やはりロナウド。堅守を破るワンプレー
さらに、相手が攻撃に切り替えた後のプレーがまた心憎い。DFラインやコンドグビアが回収したボールはダニ・バレホのもとにすぐ集まり、そこから正確なパスが散らされる。コンパクトに布陣を保つ選手たちは自信を持ってショートパスを回し、強力なはずのユベントスのプレスを空転させていた。
そして45分には、ゴール前で得たセットプレーのチャンスにディアカビが強力なヘディングシュートを放つ。超人的な反応を見せたヴォイチェフ・シュチェスニーのセーブがなければ、バレンシアの術中に完全にハマるところだった。

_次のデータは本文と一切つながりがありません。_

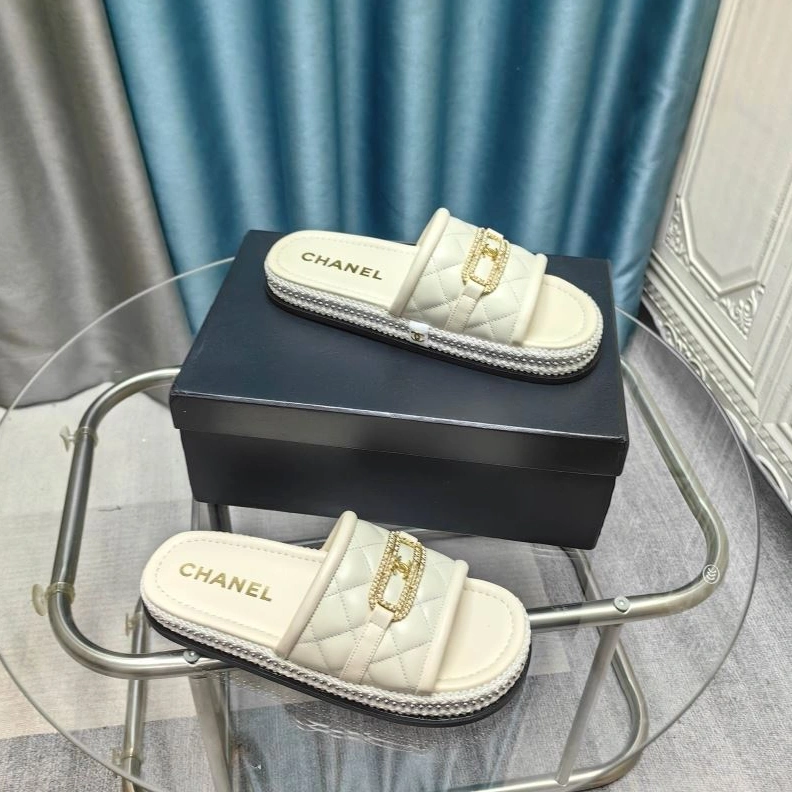 Compact Chxnxl Slippers 122527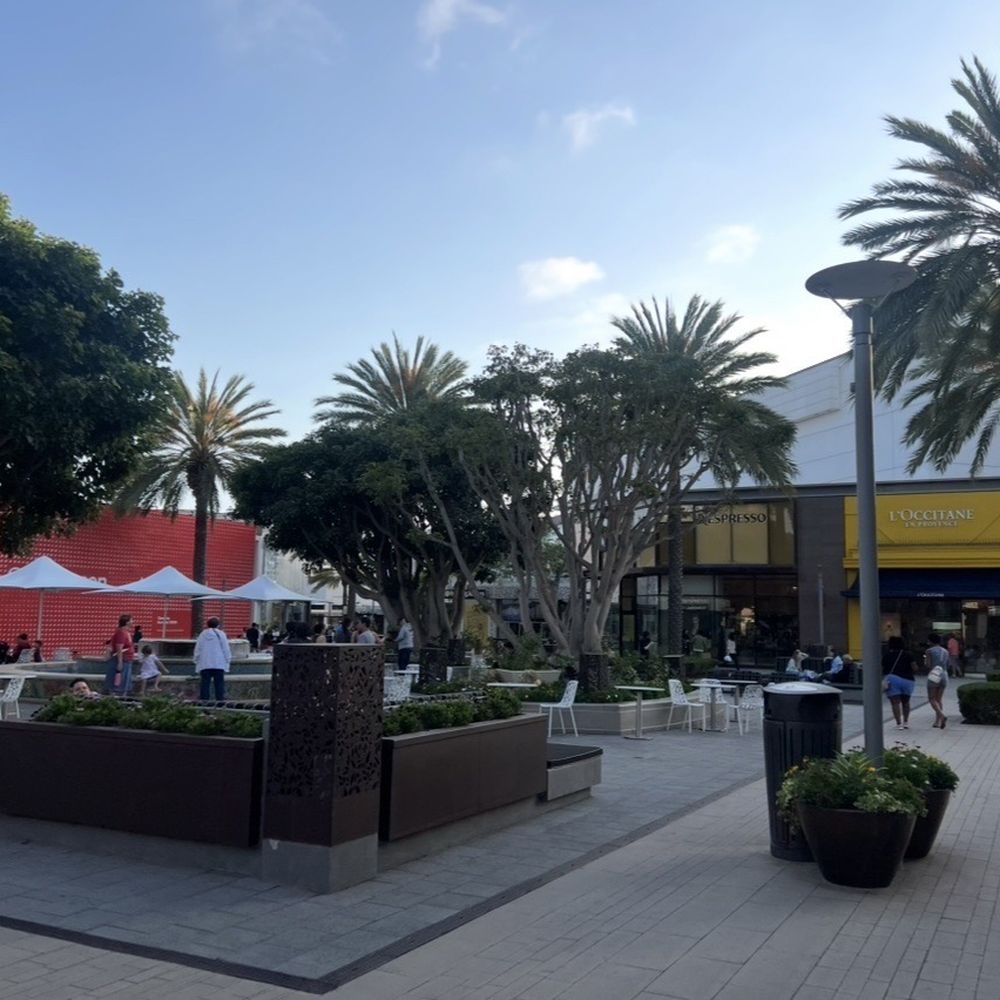 Westfield UTC - Shopping Centers Near Me - San Diego, California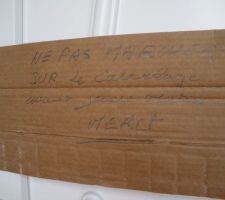Un petit mot des carreleurs sur la porte d'entr&eacute;e
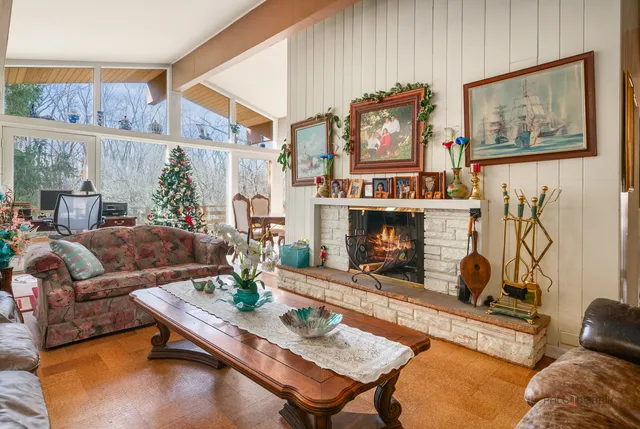 $599,000 | 1161 Oak Spring Lane, Libertyville, IL 60048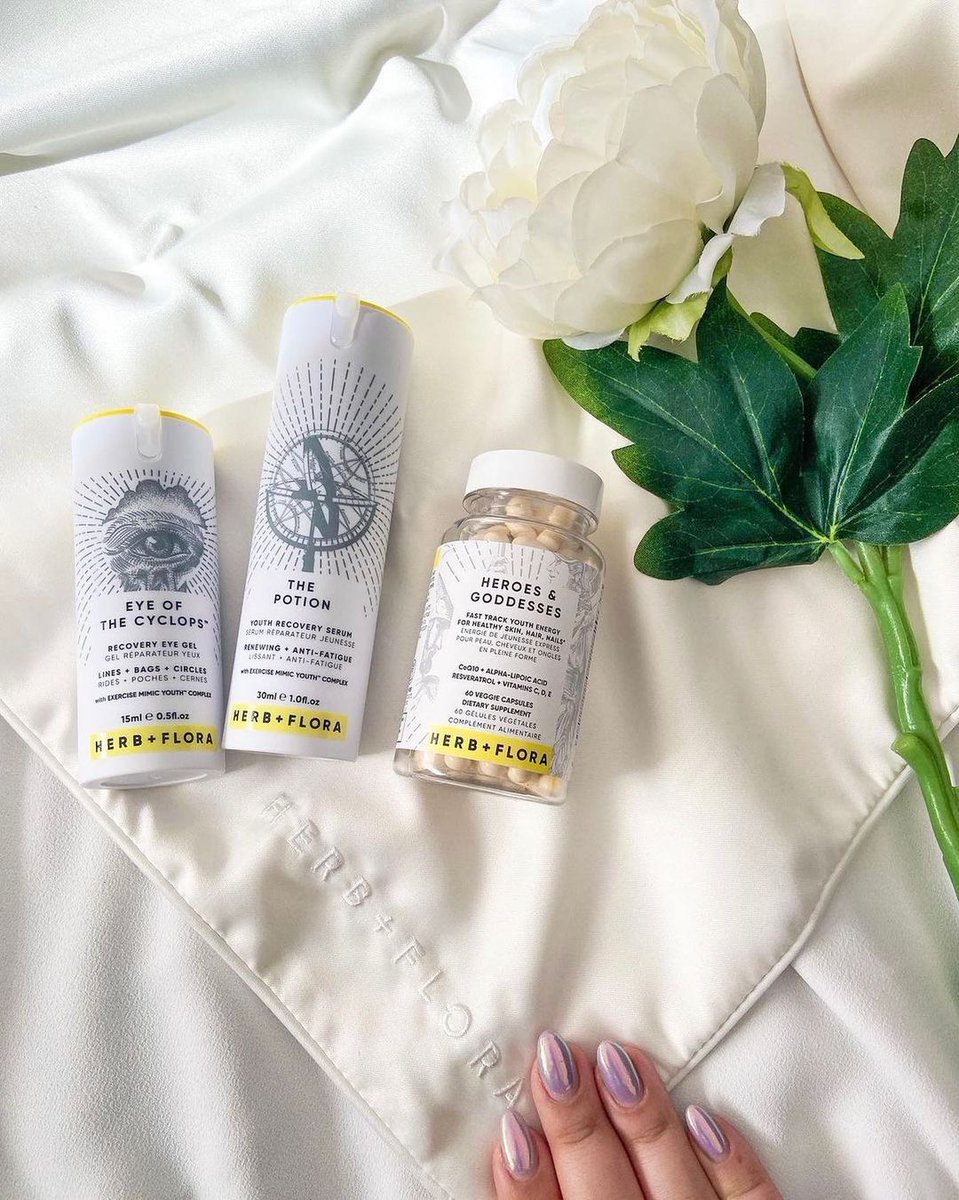 meet @herbandflora 🌿 clean, vegan skincare that mimics the anti-aging effects of exercise on skin.  be sure to join their founder &amp; lead scientist today on Shop LIT Live to learn more and shop along live 📲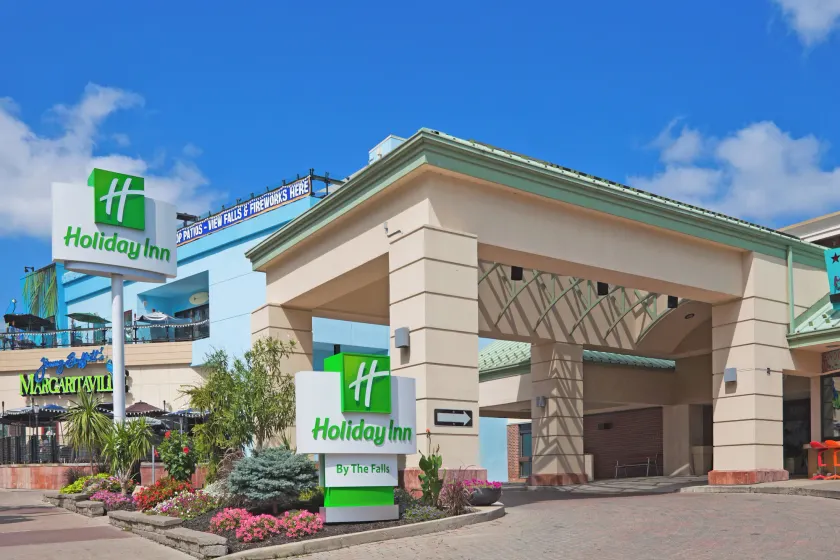 Holiday Inn Niagara Falls-By the Falls by IHG - Image 1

だが後半、彼らはこうしたバレンシアの堅守をワンプレーで破った。その源となったのは、やはりクリスティアーノ・ロナウドだったのだ。
59分、マーカーに先んじて盾を破り、左足でクロス。DFとGKが互いにカバーしづらい中間距離へ正確に流すと、ファーに流れていたマリオ・マンジュキッチが押し込んだ。
ただ決定的だったのはクロスそのものというより、直前に相手マーカーを置き去りにしたフェイントだった。対面のマークを振り切るのみならず、組織守備全体を無効にしてしまう意味のあるものだった。